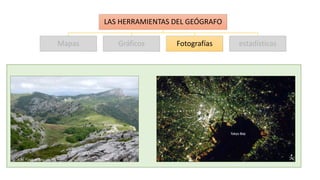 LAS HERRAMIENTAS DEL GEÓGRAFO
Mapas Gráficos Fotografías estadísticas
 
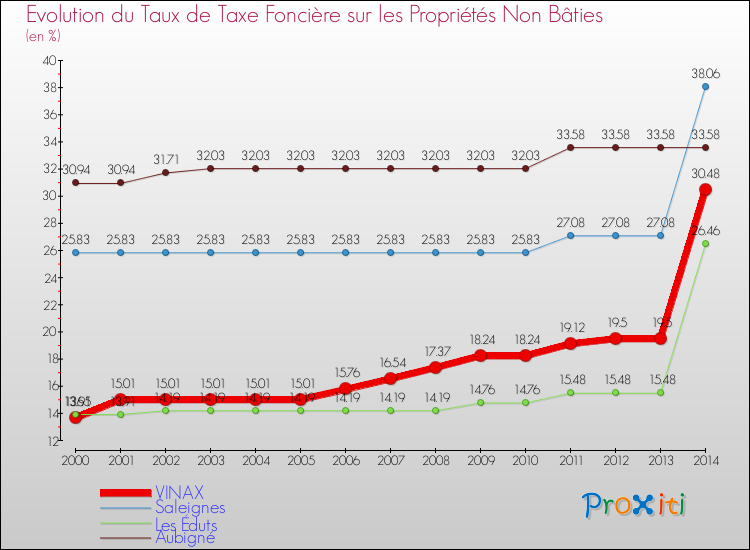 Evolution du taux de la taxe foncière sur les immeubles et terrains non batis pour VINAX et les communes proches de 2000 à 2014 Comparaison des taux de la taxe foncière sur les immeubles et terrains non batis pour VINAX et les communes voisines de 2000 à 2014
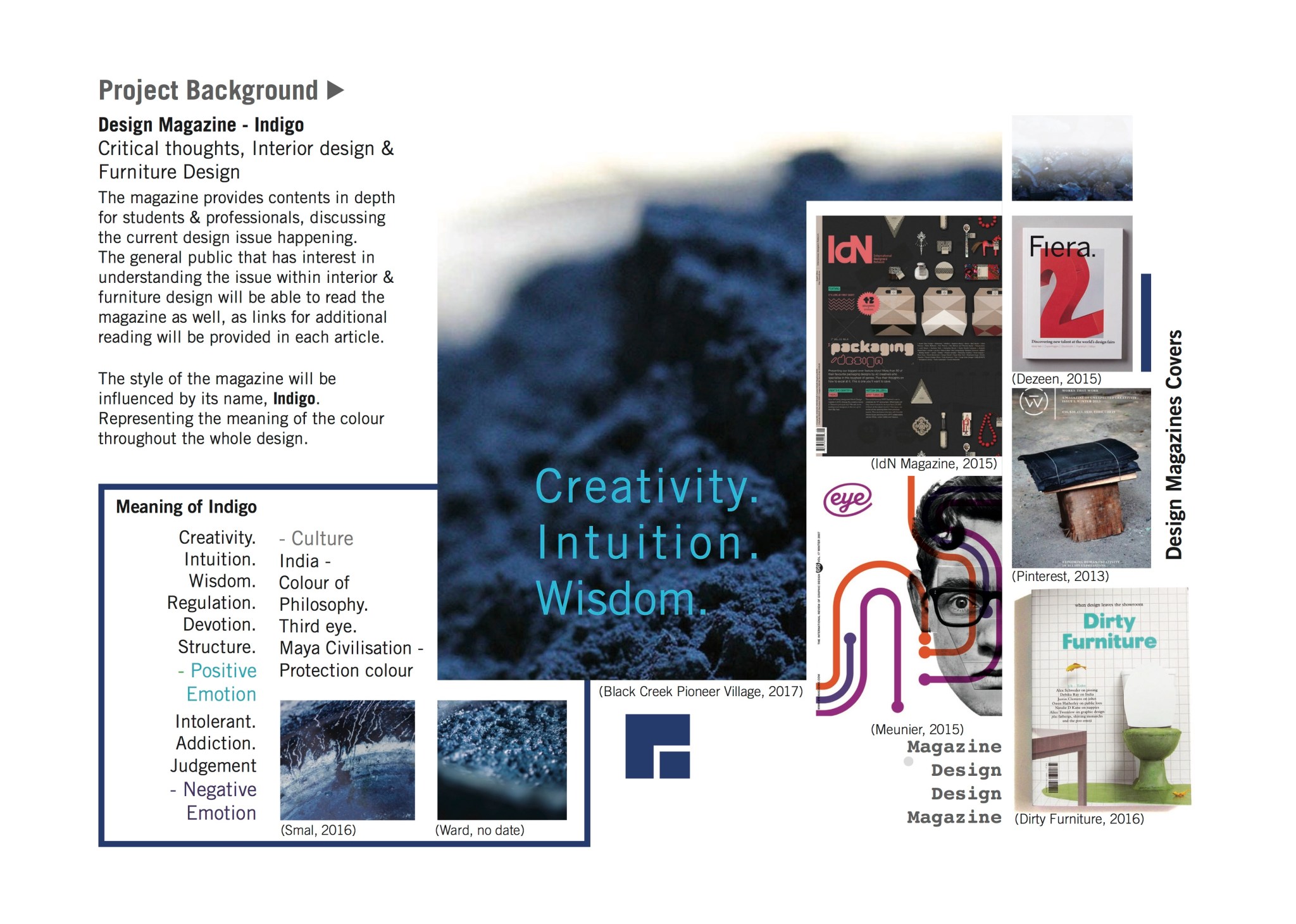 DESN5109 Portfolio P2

**Work instructions:**
The result is an exact copy of the lines from the one holding "Evolution du taux" through the final line of the data above, both ends included, minus the pictures.

**Solution to this task:**
 Evolution du taux de la taxe foncière sur les immeubles et terrains non batis pour VINAX et les communes proches de 2000 à 2014 Comparaison des taux de la taxe foncière sur les immeubles et terrains non batis pour VINAX et les communes voisines de 2000 à 2014
 DESN5109 Portfolio P2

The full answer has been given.